Dos generaciones estarán presentes en el concierto de esta noche de la Filarmónica. En efecto, a partir de las 20 horas en el Solís, Raúl Jaurena (bandoneón) y Rodrigo Pahlen (piano) se presentarán en una doble vertiente como instrumentistas y compositores en un programa que incluye Conversaciones con Schopenhauer de Pahlen (estreno mundial), New York Gotan de Raúl Jaurena (estreno mundial); Concierto para bandoneón y orquesta, Francanapa, y Buenos Aires Hora cero de Astor Piazzolla. La dirección orquestal estará a cargo de Federico García Vigil.


Se escuchará en primer término Conversaciones con Schopenhauer que es una obra en tres movimientos, para bandoneón, piano concertante y orquesta. Los tres movimientos según señala su compositor, Rodrigo Pahlen, se diferencian bastante, el segundo movimiento es un adagio y tiene influencias de distintas corrientes. El bandoneón le da una cosa tenguera pero también tiene algunos elementos que hacen recordar a Pat Metheny en cuanto a cómo se mueven las voces de la orquesta. "Yo a veces le veo algo de Manuel de Falla en alguna parte" dice Pahlen. "Es una obra modal, tonal, pero que a su vez no es tan previsible. Creo que apunta al sentimiento".


Parece que los compositores más recientes han retornado a la tonalidad a despecho de los experimemos del siglo XX y en ese sentido Conversaciones parece no escapar a la nueva regla. En ese sentido Rodrigo Pahlen afirmó: "Lo que está pasando hoy es que a muchos compositores pos Schoenberg de tanto investigar y experimentar se les adelantó la mente al corazón. Como consecuencia nos encontramos escuchando unas músicas que no nos hacen sentir. Yo creo que se llegó a un punto en que ya no se puede ir más lejos de la parte teórica, de las combinatorias. En Schoenberg, todo está bien con todo. Ahora se está volviendo al lirismo".


Raúl Jaurena hace 35 años que está fuera del país. Una sólida y consagratoria carrera lo ha llevado a actuar en las salas más importantes y con las orquestas más conceptuadas, sin embargo, tanto brillo no parece encandilarlo. Ama su música y cualquier ocasión es buena para disfrutar tocando.

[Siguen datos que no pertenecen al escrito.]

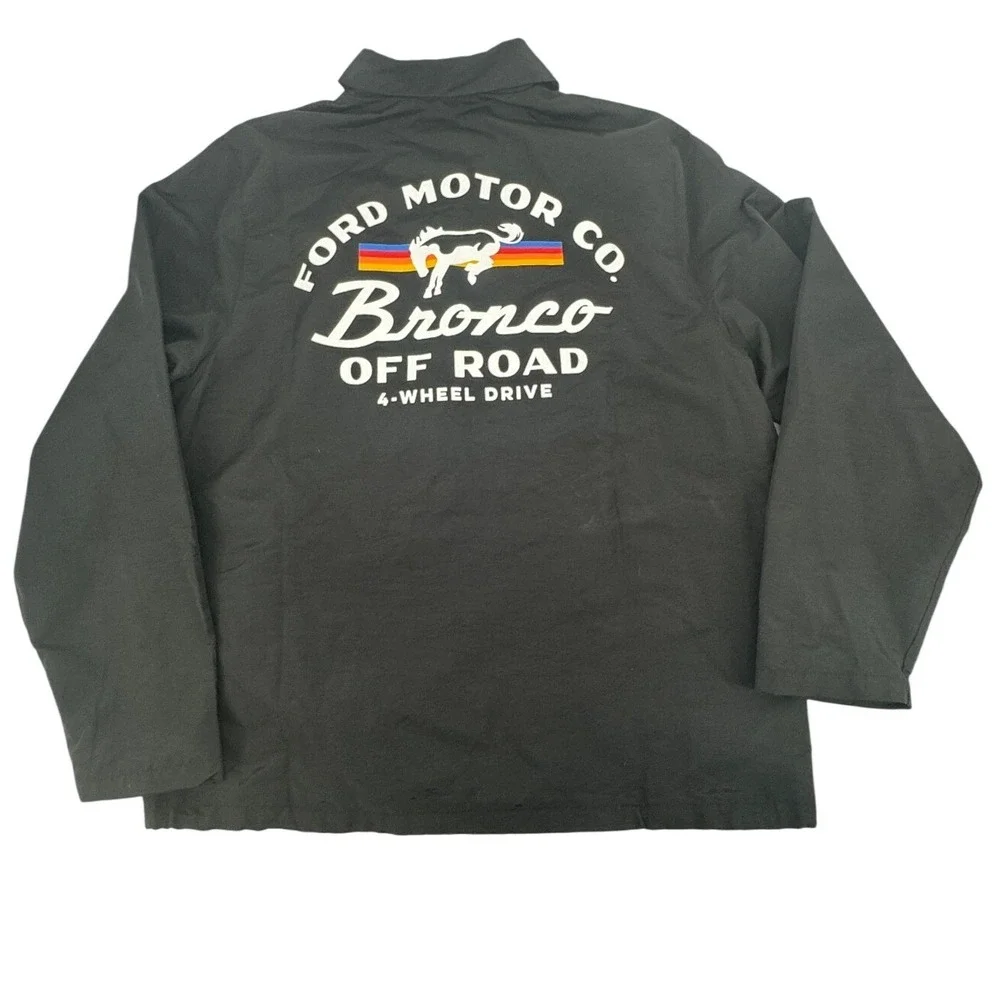 Ford Bronco Dealer Jacket Mens XL American Needle Black Off Road Graphic Wind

REQUIEM. Su obra se llama New York Gotan. Y según lo indica la compuso cuando recién llegó a Manhattan "...era muy pequeña -duraba tan solo siete minutos- la obra tenía partes de tango y partes jazzísticas, pensé que era una forma de acercar a los músicos de allá". Luego de la caída de las Torres Gemelas surgió la idea de realizar un réquiem para la ciudad de New York y Jaurena entonces pensó en "agrandar- esa música e hizo un concierto en tres partes. "En la primera parte aparecen el tango y el jazz de New York-. La segunda parte es muy profunda. es 'un réquiem por la gente que murió y la tercera parte empieza como con música al estilo Broadway y luego va alternando entre tango y jazz, hasta que llegamos al final con improvisaciones en la trompeta y el bandoneón que conversan entre sí".


-Cada vez que se presentan obras con reminiscencias tangueras siempre se alude a Piazzolla, sienten que esa influencia está presente?


-(Pahlen) Es difícil Muchas veces hablar de la música de uno, pero yo creo que en particular en esta obra hay elementos europeos, no es una música "apiazzoliada". Es difícil cuando uno compone tango no imitar a Piazzolla, No es tan fácil cuando se hace a propósito. Creo que es algo que debe nacer espontáneamente. Yo igual como tengo un pie metido en el jazz, habida cuenta de los proyectos con Milo Cilenu, con Villavicencio en Buenos Aires con quien estamos armando un disco para el que invité formalmente a Raúl y con Marcelo Torres, estoy más libre al estar trabajando con otras músicas. De todos modos cuando uno usa los mismos instrumentos, es probable que escriba parecido. Entonces lo que se diferencia son las ideas musicales, no los colores ni las texturas. Lo distinto está entonces en lo que uno dice.